Sunday, January 22, 2006

Iguazu - rushing water, refreshing beverages, and Russian literature

After "Gesell" we had one day to gather our strength, then mum, dad, Miro and I were on the road again (well, in the air really), this time to Puerto Iguazu, in Misiones, right at the top of Argentina, on the Brasilian border. The reason people flock to Iguazu? The widest falls in the world. I'd already been last time I was in Argentina ('97), so I would have preferred to go to Cordoba or Mendoza or Bariloche, but Iguazu's not bad for a plan B eh? Dad had never seen the falls despite living in Argentina for about 40 years (weird, huh?).

We stayed in a very nice hotel, which totally made me appreciate travelling with my parents - when I go solo I'm always staying in the cheapest, crappiest places available. We spent our first afternoon lazing both in and by the pool, as we got to Iguazu too late to make it to the falls. Someone, who also happens ot be the writer of the blog you are now wasting time reading (get back to work, Maru!) had the absolutely brilliant idea of ordering caipirinhas to sip poolside at dusk. For those unfamiliar with this delicious beverage (native to Brasil), basically you take some lime, cut it into quarters, and bash it up with a pile of sugar. Stick the sugary lime into a glass with some crushed ice, and pour over a generous quantity (you can interpret "generous" however you please) of Cachaca, a sort of Brasilian version of rum. Stir, and then add more ice. Now enjoy the yumminess! It's sooo refreshing on a hot, tropical day.

Next morning we were falls-bound, and what a delicious surpise awaited me as our tour guide for the day, Adrian, was quite good-looking! What a pity I was wearing my "I'm on holidays with my parents and therefore couldn't care less how I look" clothes.

Pretty much the first thing we saw when we made it to the park was the Garganta del Diablo (Throat of the Devil) which for me has always been the best part of the falls. The sheer amount of water churning its way down into the humungous abyss is impossible to describe. Even pictures don't do it justice - the speed and volume of the water is just too massive. It was ridiculously hot, so we stood by the Garganta for a while enjoying the spray and being generally awestruck.

Next stop, a walk through the National Park (not quite the Amazon jungle, but close), then a boat ride underneath the falls (clearly not the Garganta del Diablo part, you'd be crushed, but another part). We got saturated from head to toe as if we had stood under the shower with our clothes on, which is exactly what we needed at 13:00 on a stinking hot tropical summer's day. Even more enjoyable was the group of rowdy Italians who were on the boat with us, making cool siren noises, screaming and generally getting into the spirit of things, with infectious results.

Lunch followed and then a bit more of the falls (a bit of a letdown after the morning, but any other day of course we would have been amazed) then back to the bus and the hotel, where we bid Adrian a fond farewell and went straight to the pool for some more lazing about and caipirinhas at dusk (when you've found a winning formula, stick with it).
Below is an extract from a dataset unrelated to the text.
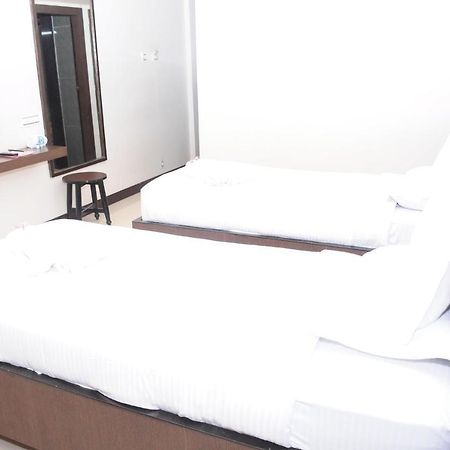 Hotel Surya Rajahmundry Bagian luar foto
The plan the next day was to visit the Brasilian side of the falls, but when we heard there'd be a two hour wait at the border, we said, "screw that" and looked for stuff to do in Argentina. We found a bird sanctuary (more interesting than it sounds I promise) and another place where they were supposed to tell you about the culture of the Guarani indigenous population but was really a five minute tour ending in the (various) handicraft stores. I have no problem with capitalism, but that's just rude, luring tourists with promises of cultural enlightenment when the only thing they ever intended to enlighten was your wallet.
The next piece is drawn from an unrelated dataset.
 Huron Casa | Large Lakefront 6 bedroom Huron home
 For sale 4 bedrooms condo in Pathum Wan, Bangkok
Three guesses what we did that afternoon...If you guessed "sat by the pool with yet another round of caipirinhas", you'd be correct! That night we got talking to some other tourists, two Kiwis and a Chilean. I had some hopes that the Kiwi guy would turn out to be somewhat interesting, but as it turned out he had as much depth as a toddler's pool. Though I may be being a little harsh - it's difficult to get into a philosophical or political debate in an antiseptic hotel bar with a girl you met five minutes ago. At least he had an interesting job, restoring old and historic buildings.

Another cool but totally unrelated thing about that trip was that I finally (after over a year) managed to finish "Crime and Punishment". I started it ages ago, got halfway, then left the book on a train or something and never bought it again until I was about to leave Australia for Europe. Thanks to my busy and fascinating life (haha) I didn't manage to begin it again until the plane to Baires. Once again I got halfway through before getting swept up in the madness that is my extended family, and I couldn't get five minutes to read until we made it to Iguazu. But finish it I did, and although the ending was weak (I expected better Mr. Dostoevsky) it was a totally fascinating take on the criminal mind and the Russian society of the day. The edition I read (Vintage Classics, 1993, translated and annotated by Richard Pevear and Larissa Volokhonsky) had really interesting and detailed notes too, which always makes life more fun, if more frustrating, flipping backwards and forwards through the book.

Next day we bid farewell to the stinking heat and 95% humidity of Iguazu and returned again to the slightly smelly heat and 90% humidity of Baires.